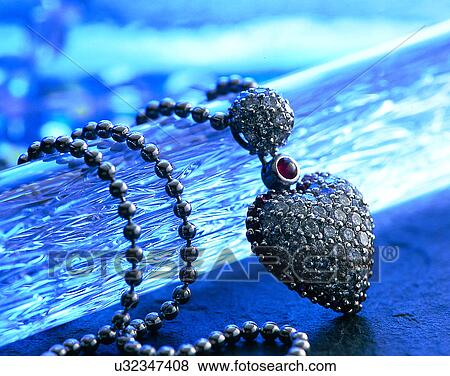 Color images, close-up, jewelry, luxury, necklace, heart, gem View Large Photo Image Stock Photo - Color images, close-up, jewelry, luxury, necklace, heart, gem. Fotosearch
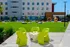 Vibrant outdoor courtyard with modern lime green chairs, lush green lawn, and a chic apartment backdrop.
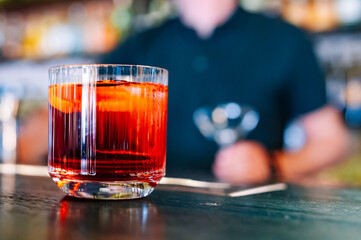 Cocktail Negroni with gin, campari martini rosso and orange. negroni cocktail in bar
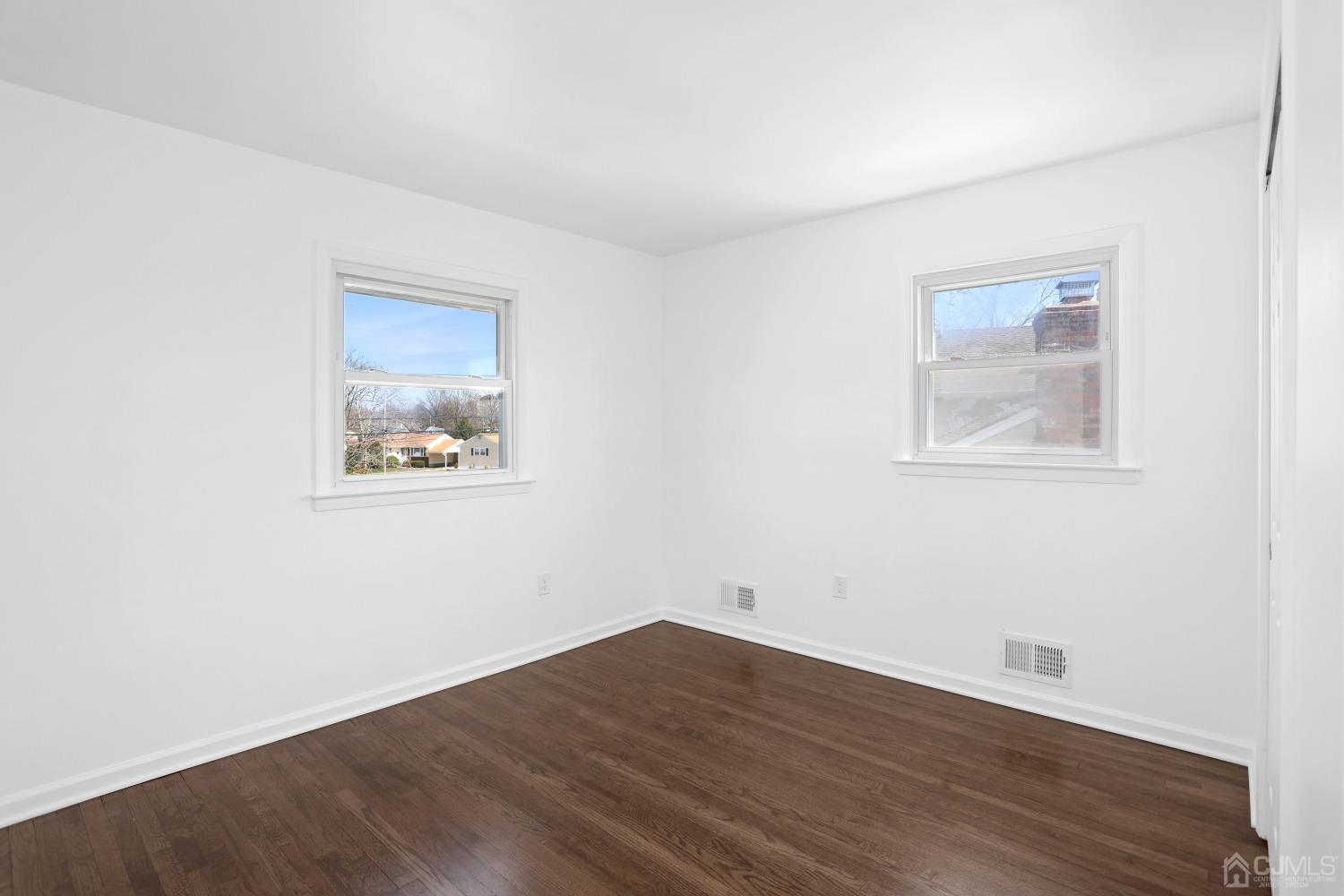 25 Mercer Road Old Bridge, NJ 08857 - Photo 21 of 30 an empty room with wooden floor and windows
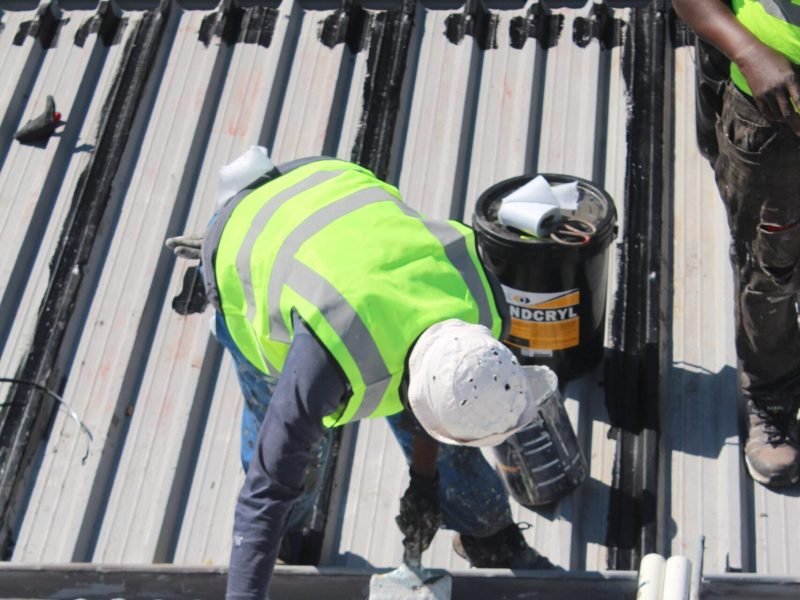 TM Waterproofing applying a protective coating on a corrugated roof for long lasting durability and weather protection.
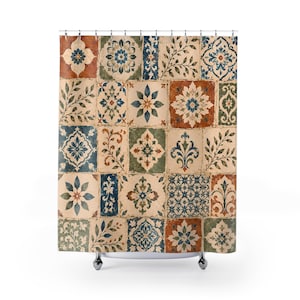 May include: A shower curtain featuring a grid of square tiles with a distressed finish. The pattern displays a variety of floral, geometric, and leaf motifs in shades of terracotta, sage green, navy blue, and cream, suspended by metal rings.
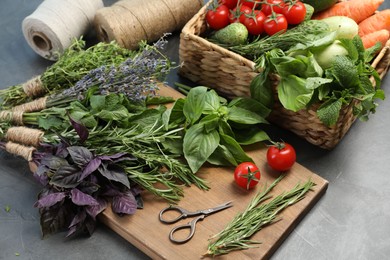 Different aromatic herbs, vegetables and scissors on gray table, closeup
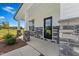 Inviting covered porch with stone columns and a modern front door with glass panel at 21 Green Links Dr, Cameron, NC 28326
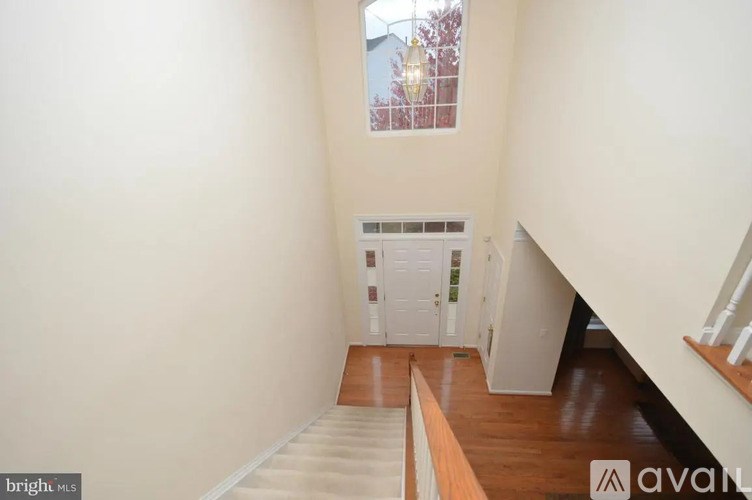 A bright white room with a window and a staircase.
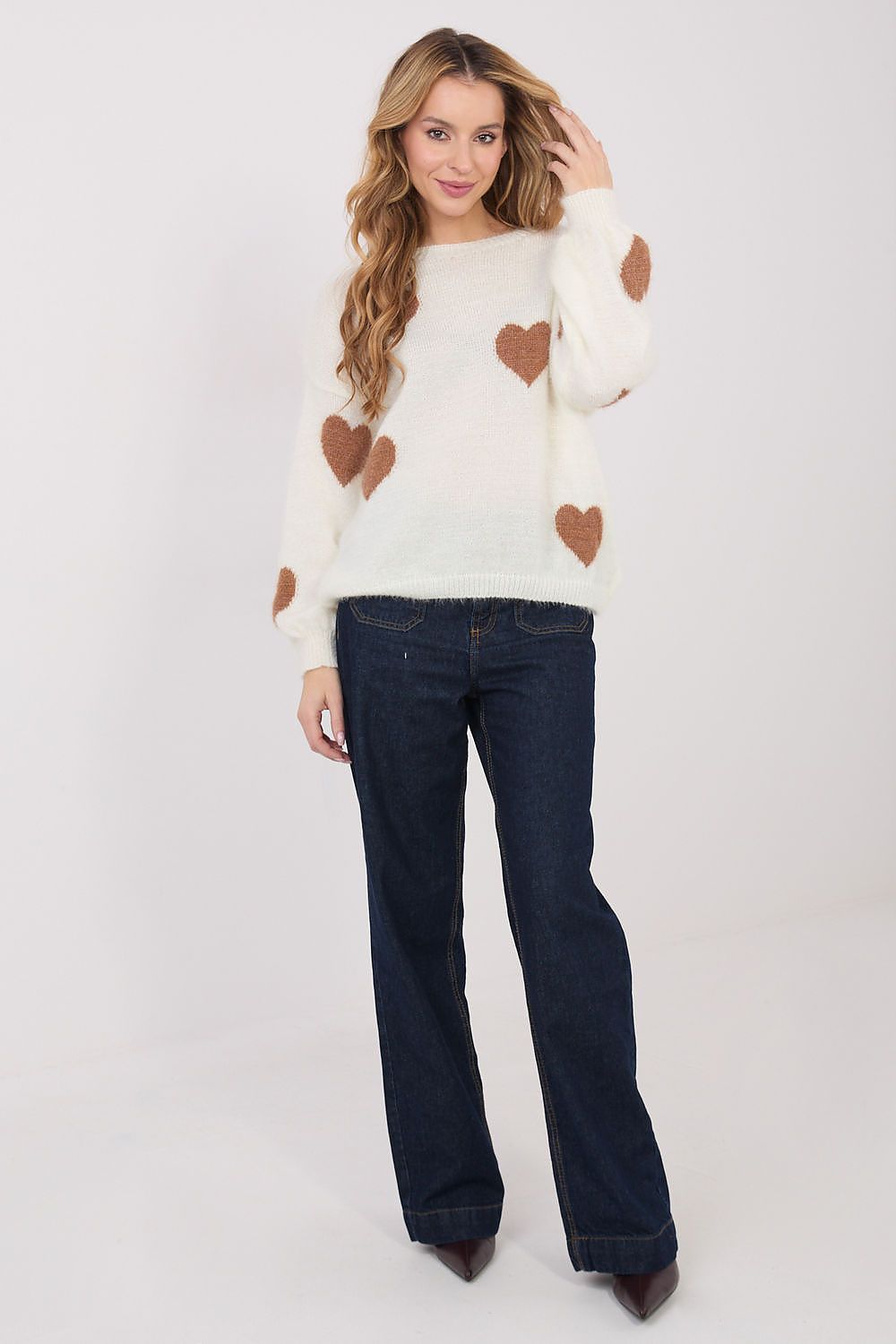  Beige women’s sweater with heart print and puffy sleeves.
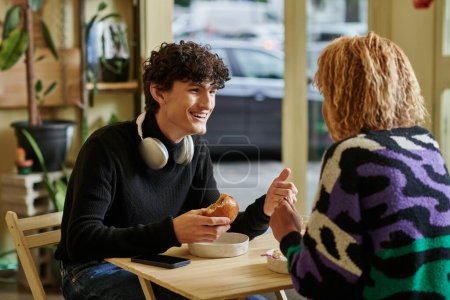 happy curly man with wireless headphones holding tofu burger and chatting with girl in vegan cafe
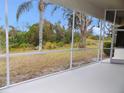 Spacious screened porch overlooking a grassy backyard at 7212 Southgate Ct, Sarasota, FL 34243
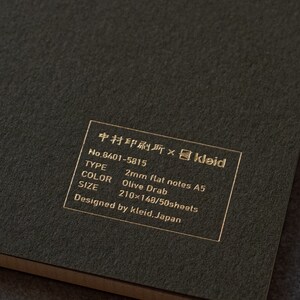 May include: A black notebook with gold lettering that reads "中村印刷所&times;kleid No.8401-5815 TYPE 2mm flat notes A5 COLOR Olive Drab SIZE 210x148/50sheets Designed by kleid. Japan"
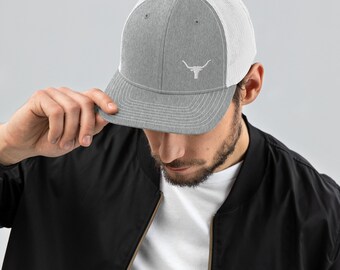 Może przedstawiać: Szara i biała czapka trucker z haftowanym białym logo głowy byka. Czapka ma siateczkowe plecy i zakrzywiony daszek.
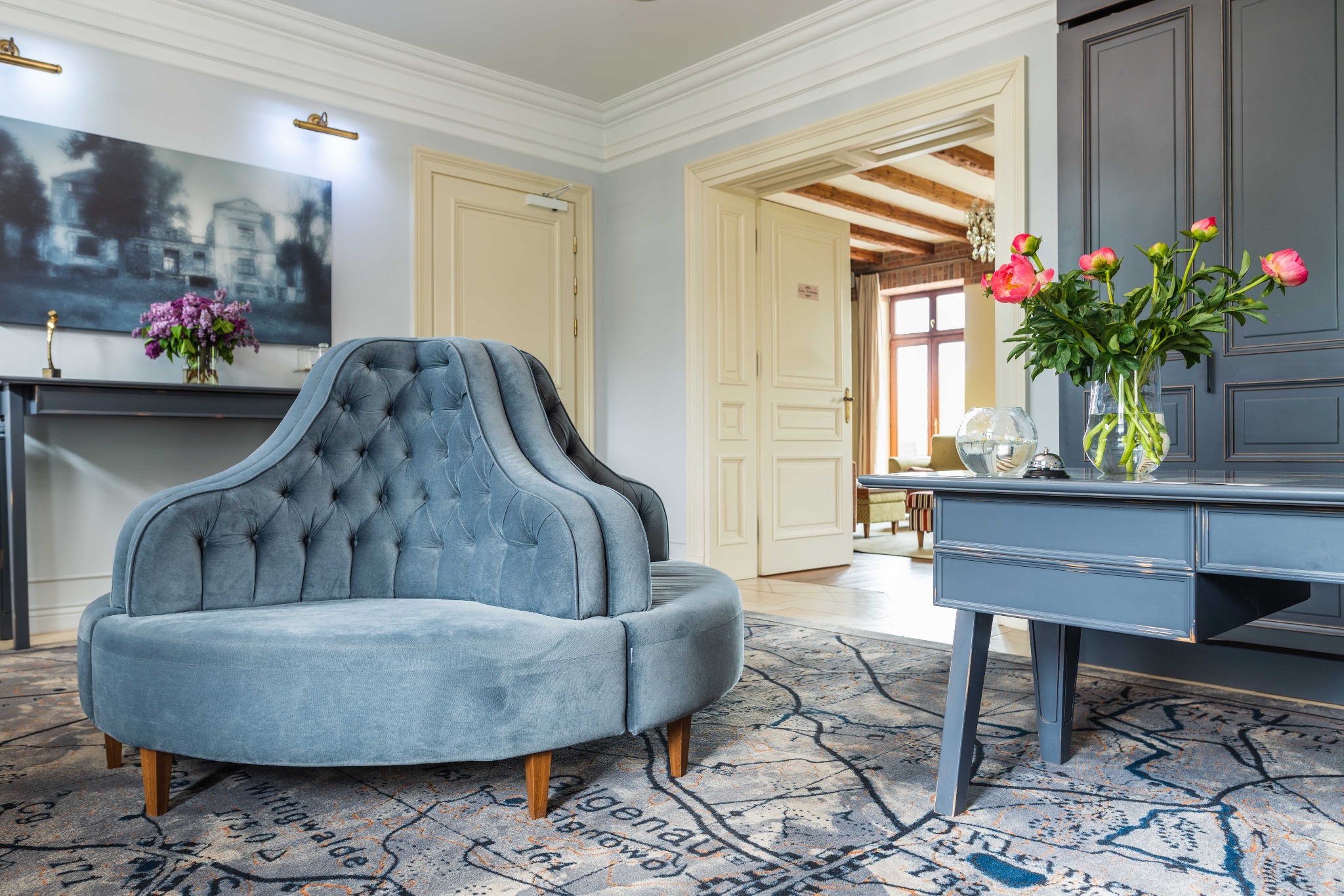 Stylowe wnętrze z okrągłą, tapicerowaną sofą w odcieniach szarości, wzorzystym dywanem z motywem mapy, ciemnoszarą konsolą z kwiatami i otwartymi drzwiami do dalszej części domu z drewnianymi...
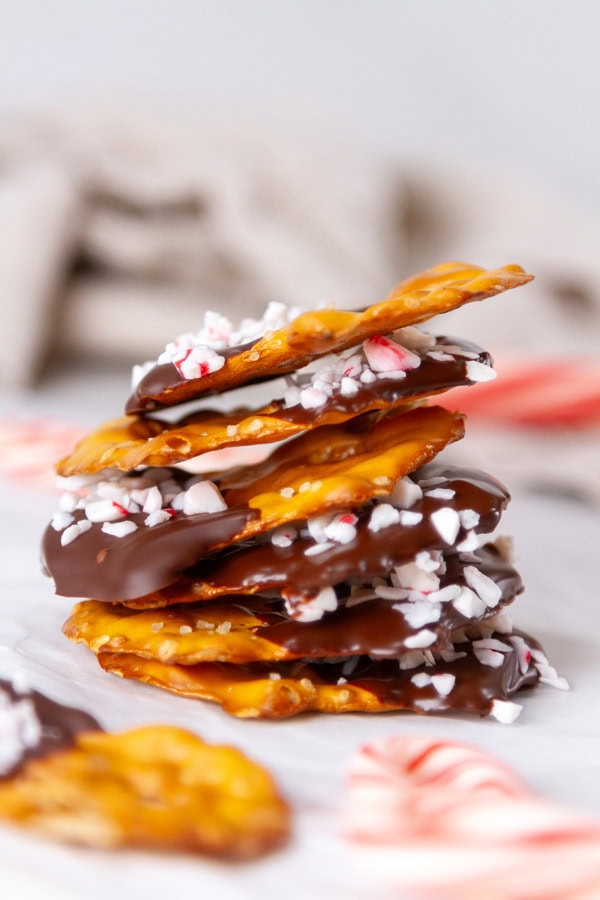 a stack of peppermint pretzels with candy canes around.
========
THE TASK
With the pictures omitted, print each line of the data above precisely as given.

EXERCISE OUTPUT
 Color images, close-up, jewelry, luxury, necklace, heart, gem View Large Photo Image Stock Photo - Color images, close-up, jewelry, luxury, necklace, heart, gem. Fotosearch
 Vibrant outdoor courtyard with modern lime green chairs, lush green lawn, and a chic apartment backdrop.
 Cocktail Negroni with gin, campari martini rosso and orange. negroni cocktail in bar
 25 Mercer Road Old Bridge, NJ 08857 - Photo 21 of 30 an empty room with wooden floor and windows
 TM Waterproofing applying a protective coating on a corrugated roof for long lasting durability and weather protection.
 May include: A shower curtain featuring a grid of square tiles with a distressed finish. The pattern displays a variety of floral, geometric, and leaf motifs in shades of terracotta, sage green, navy blue, and cream, suspended by metal rings.
 Different aromatic herbs, vegetables and scissors on gray table, closeup
 Inviting covered porch with stone columns and a modern front door with glass panel at 21 Green Links Dr, Cameron, NC 28326
 A bright white room with a window and a staircase.
  Beige women’s sweater with heart print and puffy sleeves.
 happy curly man with wireless headphones holding tofu burger and chatting with girl in vegan cafe
 Spacious screened porch overlooking a grassy backyard at 7212 Southgate Ct, Sarasota, FL 34243
 May include: A black notebook with gold lettering that reads "中村印刷所&times;kleid No.8401-5815 TYPE 2mm flat notes A5 COLOR Olive Drab SIZE 210x148/50sheets Designed by kleid. Japan"
 Może przedstawiać: Szara i biała czapka trucker z haftowanym białym logo głowy byka. Czapka ma siateczkowe plecy i zakrzywiony daszek.
 Stylowe wnętrze z okrągłą, tapicerowaną sofą w odcieniach szarości, wzorzystym dywanem z motywem mapy, ciemnoszarą konsolą z kwiatami i otwartymi drzwiami do dalszej części domu z drewnianymi...
 a stack of peppermint pretzels with candy canes around.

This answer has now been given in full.